Hi, I’m using verl framework to train Qwen3-30B-A3B, and my train task has trained for more than 200 steps, but at 223 step, we occured the ‘Memory usage increased after sleeping’ problem, It’s a little bit weird, I don’t know how to fix it, Is there anybody can give some clues to help me fix this problem? THANKS!
My enviroment is as follows:
hardware: Huawei Ascend NPU 910B, 8 nodes 8 NPUs, total 64 NPUs
CANN: 8.2.RC1
Python: 3.10.18
vllm: 0.9.1
vllm-ascend: 0.9.1rc3
torch: 2.5.1
torch-npu: 2.5.1.post1
Here is the error logs:
File “/cache/verl_algo/verl/single_controller/ray/base.py”, line 766, in func
return getattr(self.worker_dict[key], name)(*args, **kwargs)

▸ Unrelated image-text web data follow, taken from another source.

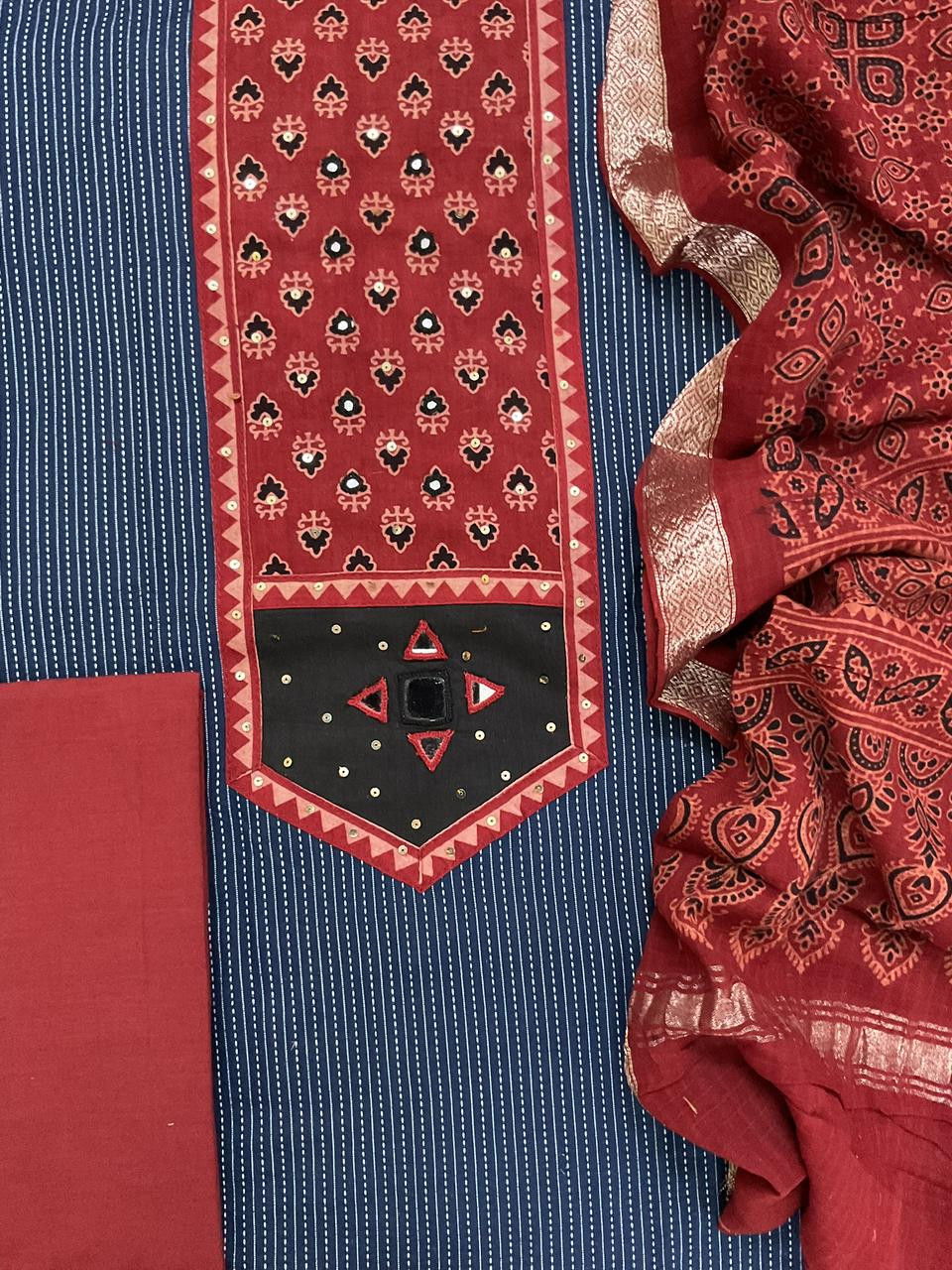Pure Cotton Self Weaved Printed Embroidered Suit - Blue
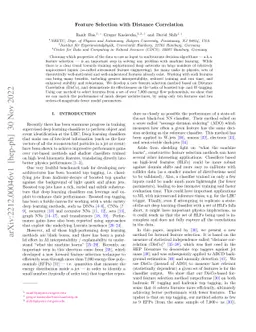 Feature Selection with Distance Correlation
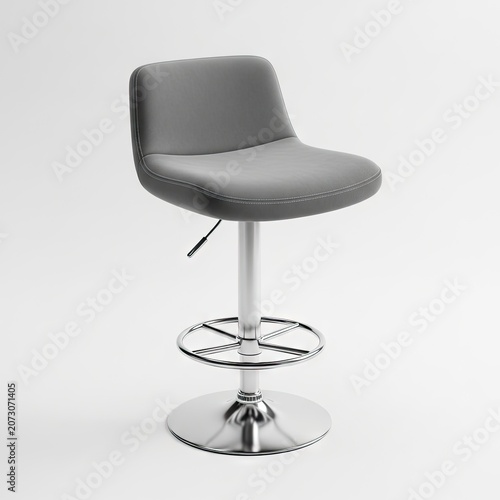 Modern Grey Fabric Bar Stool with Chrome Base and Adjustable Height.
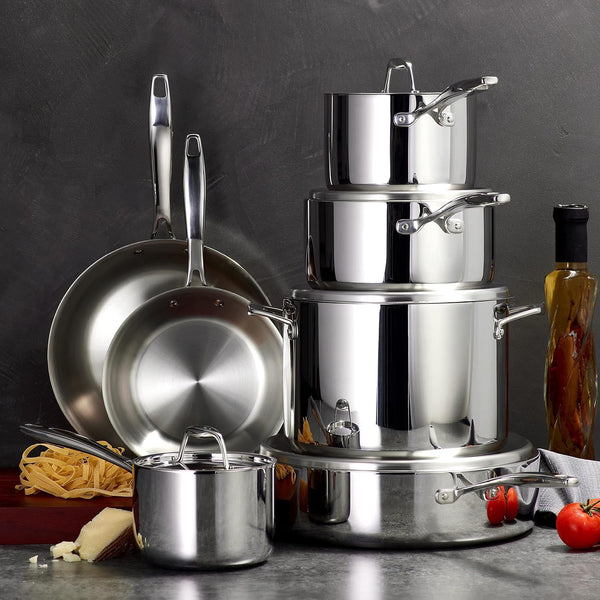 Signature Tri-Ply Clad Stainless Steel 12-Pc Pots and Pans Set | Cookware Kitchen Set, Induction-Ready, Dishwasher-Safe, Nsf-Certified, Made in Brazil2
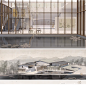 复古风日系灰调建筑景观ps鸟瞰效果图建筑景观古风剖立面PSD素材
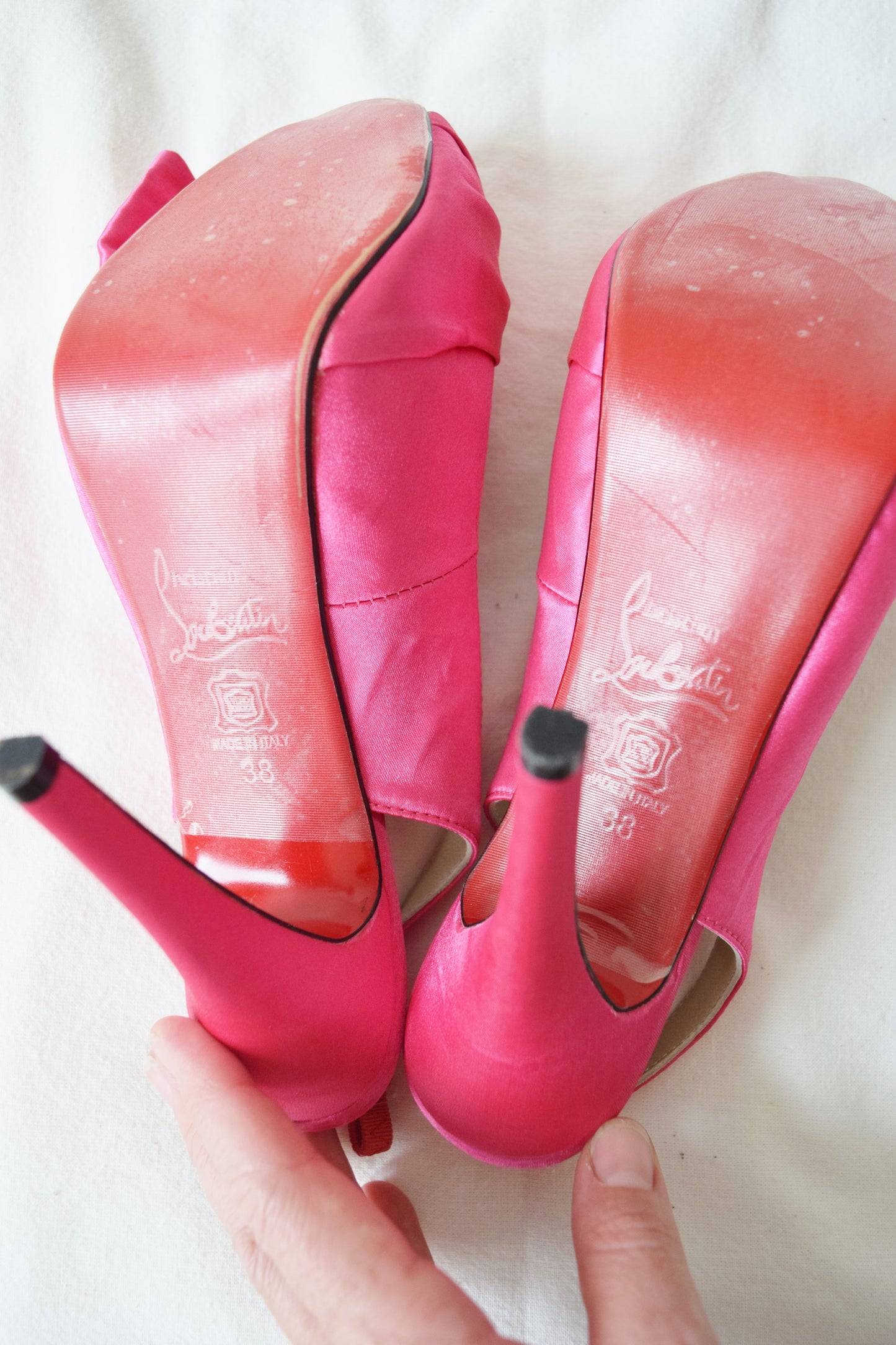 Christian Louboutin Hot Pink Satin 5” Platform Heels | Size 38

File “/cache/verl_algo/verl/single_controller/base/decorator.py”, line 430, in inner
return func(*args, **kwargs)
File “/cache/verl_algo/verl/utils/profiler/mstx_profile.py”, line 210, in wrapper
return func(self, *args, **kwargs)
File “/cache/verl_algo/verl/workers/fsdp_workers.py”, line 762, in generate_sequences
with self.rollout_sharding_manager:
File “/cache/verl_algo/verl/utils/profiler/performance.py”, line 105, in f
return self.log(decorated_function, *args, **kwargs)
File “/cache/verl_algo/verl/utils/profiler/performance.py”, line 118, in log
output = func(*args, **kwargs)
File “/cache/verl_algo/verl/workers/sharding_manager/fsdp_vllm.py”, line 240, in exit
self.inference_engine.sleep(level=1)
File “/cache/verl_env/lib/python3.10/site-packages/vllm/entrypoints/llm.py”, line 1322, in sleep
self.llm_engine.sleep(level=level)
File “/cache/verl_env/lib/python3.10/site-packages/vllm/engine/llm_engine.py”, line 1860, in sleep
self.model_executor.sleep(level=level)
File “/cache/verl_env/lib/python3.10/site-packages/vllm/executor/executor_base.py”, line 207, in sleep
self.collective_rpc(“sleep”, kwargs=dict(level=level))
File “/cache/verl_env/lib/python3.10/site-packages/vllm/executor/uniproc_executor.py”, line 57, in collective_rpc
answer = run_method(self.driver_worker, method, args, kwargs)
File “/cache/verl_env/lib/python3.10/site-packages/vllm/utils.py”, line 2671, in run_method
return func(*args, **kwargs)
File “/cache/verl_env/lib/python3.10/site-packages/vllm_ascend/worker/worker.py”, line 202, in sleep
assert freed_bytes >= 0, “Memory usage increased after sleeping.”
AssertionError: Memory usage increased after sleeping.